The Houston Chronicle reports (in a subscribers-only article):
A little before noon on Friday, a white Homeland Security bus stopped outside a public bus terminal in downtown McAllen, its doors opening to disgorge a group of about 20 immigrants from Central and South America.
Similarly the San Antonio Express-News reports much the same thing (again, subscribers only):
For weeks now, the Border Patrol has been dropping off hundreds of Central Americans at bus stations in the Rio Grande Valley as an unprecedented wave of immigrants pours across the southern tip of Texas.
The caption to a photograph on that article states that the reason for these immigrants being released is that:
A wave of Central American adults with children and unaccompanied minors has overwhelmed U.S. Immigration and Customs detention centers. Immigration officials release some of them on their own recognizance after undergoing processing.
Some were transported at least as far as California. XETV-TDT reports:
The dropping off of undocumented immigrants from Texas began about eight months ago. At that point, the Border Patrol was either flying them or bussing them to Greyhound stations in Tucson and Phoenix. Even though they're both sizable cities, employees at the bus stations said they were being overwhelmed. Then, for reasons that aren't yet clear, the Border Patrol decided to start taking the immigrants to the Border Patrol station in Murrieta for processing.
"It's called catch and release. We are out there catching people... they are arrested, sorry they are surrendering to agents in the Rio Grande Valley (in Texas) because they know they will be detained for maybe a few days, a few weeks at most and then they will be released," said Agent Shawn Moran, who is with the National Border Patrol Council, the union for Border Patrol agents.
The immigrants are released and then given a date to show up in court. Agent Moran said that rarely happens. And he told San Diego 6 that Border Patrol stations in Murrieta and across the southwest are being overwhelmed. "Many of these stations have ground to a halt in terms of operations because they are doing nothing but processing," said Moran.
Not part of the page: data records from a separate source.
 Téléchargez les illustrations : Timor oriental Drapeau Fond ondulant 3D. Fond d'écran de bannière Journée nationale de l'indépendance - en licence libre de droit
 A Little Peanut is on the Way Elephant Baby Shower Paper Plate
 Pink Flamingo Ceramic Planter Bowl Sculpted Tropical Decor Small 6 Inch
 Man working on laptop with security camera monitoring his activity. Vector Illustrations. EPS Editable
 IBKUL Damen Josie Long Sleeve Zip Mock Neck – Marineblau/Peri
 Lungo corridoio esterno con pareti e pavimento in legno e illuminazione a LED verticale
The Fox News article you provided claims that "other than Mexicans" are being treated in this manner, which appears to be true. Illegal Mexicans can be and are simply and easily passed back over the border, as the VICE article you provided claims. On the other hand, illegal immigrants from other countries are not so easy to deal with. As the Washington Post reports:
Unlike illegal migrants from Mexico, who can be quickly processed and returned by bus to Mexican border cities, Central Americans cannot be easily shipped home. Airplanes must be chartered. Consular arrangements must be made. And if migrants request asylum in the United States, the U.S. government has the additional responsibility to determine whether their appeal is based on a legitimate need for protection and a “credible fear” of persecution in their home countries.
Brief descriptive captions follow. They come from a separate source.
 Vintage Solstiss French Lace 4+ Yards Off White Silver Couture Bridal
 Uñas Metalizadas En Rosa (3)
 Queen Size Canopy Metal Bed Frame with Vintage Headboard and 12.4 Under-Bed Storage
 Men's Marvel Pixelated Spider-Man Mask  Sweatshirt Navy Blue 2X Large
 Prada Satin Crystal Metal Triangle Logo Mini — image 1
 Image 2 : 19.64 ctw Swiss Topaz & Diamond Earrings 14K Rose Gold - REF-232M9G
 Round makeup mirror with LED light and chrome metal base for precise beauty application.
More than 36,000 migrants, the majority from Guatemala, El Salvador and Honduras, requested asylum along the southwestern border during the government’s 2013 fiscal year, nearly triple the 2012 number. Ultimately, most of the applications were denied, but critics of the process say migrants are gaming the system to extend their stays in the United States. Others may simply go underground and ignore deportation orders if their petitions are rejected.